Start of EXERCISE DATA

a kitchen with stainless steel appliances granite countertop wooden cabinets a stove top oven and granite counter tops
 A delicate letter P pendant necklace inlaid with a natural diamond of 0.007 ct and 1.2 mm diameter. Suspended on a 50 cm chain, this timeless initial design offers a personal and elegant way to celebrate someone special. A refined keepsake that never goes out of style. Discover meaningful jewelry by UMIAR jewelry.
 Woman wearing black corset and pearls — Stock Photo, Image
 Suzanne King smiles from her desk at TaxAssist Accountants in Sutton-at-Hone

End of EXERCISE DATA

| EXERCISE DESCRIPTION |
Word for word, transcribe the data shown above.

| OUTPUT FOR THIS TASK |
a kitchen with stainless steel appliances granite countertop wooden cabinets a stove top oven and granite counter tops
 A delicate letter P pendant necklace inlaid with a natural diamond of 0.007 ct and 1.2 mm diameter. Suspended on a 50 cm chain, this timeless initial design offers a personal and elegant way to celebrate someone special. A refined keepsake that never goes out of style. Discover meaningful jewelry by UMIAR jewelry.
 Woman wearing black corset and pearls — Stock Photo, Image
 Suzanne King smiles from her desk at TaxAssist Accountants in Sutton-at-Hone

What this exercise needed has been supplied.